A Veteran Teacher’s Lessons: Bring Books into Your Classroom

By David Forrest posted 18 days ago


All of us have favorite books. I am guessing yours include beautifully written memoirs and histories; perhaps during your younger days a novel with a historical setting inspired your interest in the past.  We need to give our students the insights and exhilaration that comes from reading powerfully written books, both non-fiction and historical fiction.
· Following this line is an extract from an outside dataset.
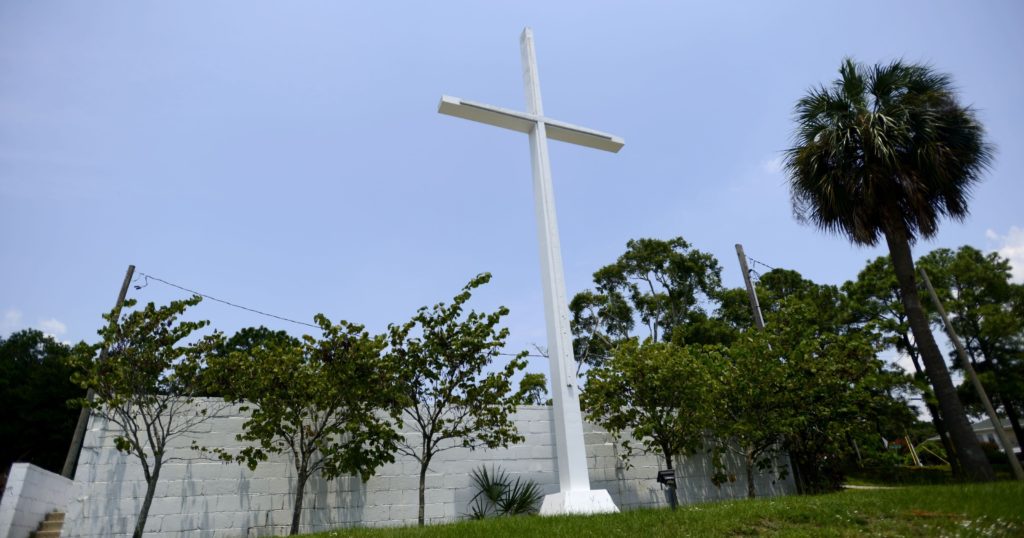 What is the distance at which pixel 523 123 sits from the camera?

 A well-chosen non-fiction book can help students tackle difficult controversial issues. For example, our students read Sonia Nazario’s book on immigration, Enrique’s Journey. Nazario is a Pulitzer Prize winning journalist who chronicles the journey of a 12 year Honduran boy to the US in search of his mother. On his odyssey Enrique faces, “unimaginable peril, often clinging to the sides and tops of freight trains, Enrique travels through hostile worlds full of thugs, bandits, and corrupt cops, but he pushes forward, relying on his wit, courage, hope and the kindness of strangers.” Hear how students at San Diego’s Crawford High School felt about reading Enrique’s Journey in their video book report. The Enrique’s Journey website has lots of good curriculum ideas for secondary teachers.  
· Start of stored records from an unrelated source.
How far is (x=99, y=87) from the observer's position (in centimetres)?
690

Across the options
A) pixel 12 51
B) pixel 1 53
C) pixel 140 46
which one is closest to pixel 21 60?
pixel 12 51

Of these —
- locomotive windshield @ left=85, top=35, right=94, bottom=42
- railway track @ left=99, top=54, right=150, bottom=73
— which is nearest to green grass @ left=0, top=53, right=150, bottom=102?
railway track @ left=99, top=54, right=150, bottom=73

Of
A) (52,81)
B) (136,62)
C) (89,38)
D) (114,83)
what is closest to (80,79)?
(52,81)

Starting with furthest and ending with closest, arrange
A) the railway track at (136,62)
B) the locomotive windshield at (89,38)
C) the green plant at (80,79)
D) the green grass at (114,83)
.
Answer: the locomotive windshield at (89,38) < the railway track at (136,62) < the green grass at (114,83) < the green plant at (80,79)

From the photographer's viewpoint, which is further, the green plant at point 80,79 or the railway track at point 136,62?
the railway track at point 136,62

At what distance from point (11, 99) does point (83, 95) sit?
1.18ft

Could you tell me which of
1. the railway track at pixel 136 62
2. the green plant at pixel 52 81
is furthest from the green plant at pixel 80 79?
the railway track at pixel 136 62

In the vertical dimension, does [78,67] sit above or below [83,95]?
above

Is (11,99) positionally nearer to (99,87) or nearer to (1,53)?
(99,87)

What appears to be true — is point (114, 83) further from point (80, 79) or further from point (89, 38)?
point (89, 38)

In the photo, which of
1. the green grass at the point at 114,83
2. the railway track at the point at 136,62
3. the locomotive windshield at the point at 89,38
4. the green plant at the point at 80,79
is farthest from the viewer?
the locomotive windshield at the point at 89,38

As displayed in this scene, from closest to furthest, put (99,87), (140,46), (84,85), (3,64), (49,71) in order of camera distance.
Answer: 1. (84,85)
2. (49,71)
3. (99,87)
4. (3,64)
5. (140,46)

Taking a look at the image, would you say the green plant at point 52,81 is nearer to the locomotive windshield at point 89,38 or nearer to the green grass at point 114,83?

 In our US History class, we not only read Enrique’s Journey for the historical unit on immigration but also to get our students, many of whom are immigrants, to tell the stories of their families. The book became a springboard for the Journeys website, where our students interviewed parents, aunties, uncles, grandparents, classmates, and community members about their journeys to the United States.
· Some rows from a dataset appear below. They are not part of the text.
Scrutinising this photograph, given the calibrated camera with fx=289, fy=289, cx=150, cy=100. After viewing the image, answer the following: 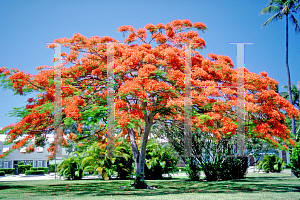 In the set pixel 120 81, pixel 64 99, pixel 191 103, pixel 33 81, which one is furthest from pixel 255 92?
pixel 33 81

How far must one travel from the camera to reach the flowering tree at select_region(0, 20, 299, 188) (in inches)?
379

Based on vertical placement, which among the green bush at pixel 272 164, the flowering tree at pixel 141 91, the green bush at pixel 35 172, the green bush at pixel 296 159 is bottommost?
the green bush at pixel 35 172

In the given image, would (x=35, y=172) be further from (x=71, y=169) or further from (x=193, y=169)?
(x=193, y=169)

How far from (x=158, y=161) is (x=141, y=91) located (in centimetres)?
1112

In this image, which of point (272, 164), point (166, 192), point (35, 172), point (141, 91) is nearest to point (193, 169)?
point (166, 192)

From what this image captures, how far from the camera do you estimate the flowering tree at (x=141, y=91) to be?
9.63 m

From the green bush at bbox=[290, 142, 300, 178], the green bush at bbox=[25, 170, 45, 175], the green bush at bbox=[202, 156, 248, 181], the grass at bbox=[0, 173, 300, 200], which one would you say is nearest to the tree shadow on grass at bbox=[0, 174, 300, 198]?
the grass at bbox=[0, 173, 300, 200]

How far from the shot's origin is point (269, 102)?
10133 mm

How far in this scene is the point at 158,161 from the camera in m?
19.6

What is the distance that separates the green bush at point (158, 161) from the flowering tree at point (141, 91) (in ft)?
Answer: 24.0

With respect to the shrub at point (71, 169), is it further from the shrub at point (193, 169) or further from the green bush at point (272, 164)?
the green bush at point (272, 164)

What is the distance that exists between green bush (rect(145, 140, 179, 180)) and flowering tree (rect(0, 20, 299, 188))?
7.31 metres

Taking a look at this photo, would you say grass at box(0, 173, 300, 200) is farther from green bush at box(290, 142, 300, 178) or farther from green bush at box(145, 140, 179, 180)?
green bush at box(145, 140, 179, 180)

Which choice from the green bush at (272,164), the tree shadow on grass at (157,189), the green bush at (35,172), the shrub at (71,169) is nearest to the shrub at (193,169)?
the tree shadow on grass at (157,189)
 Memoirs are a great way to bring history alive for our students. During our unit on the Civil Rights Movement, US History students read Melba Pattillo Beal's poignant memoir, Warriors Don’t Cry. Beal was one of the Little Rock Nine, the first African American students to integrate Little Rock's Central High School in 1957. Her first-hand account as a non-violent “warrior” confronting racial segregation is told through her eyes as a teenager. Our World Studies sophomores read Elie Weisel’s memoir Night, describing the horrors of the Holocaust. After reading this book, they would not forget how fifteen-year-old Eliezer was rounded up with the Jews of Sighet, Hungary, suffering the agonizing journey through the Nazi concentration camps, including Auschwitz and Buchenwald.  The educational organization Facing History and Ourselves has  excellent study guides for both Warriors Don’t Cry and Night, and also loans class sets of books. Even if you don’t have time to read an entire book, choose a chapter that puts students in the historical moment you are teaching about. Nothing is more powerful. 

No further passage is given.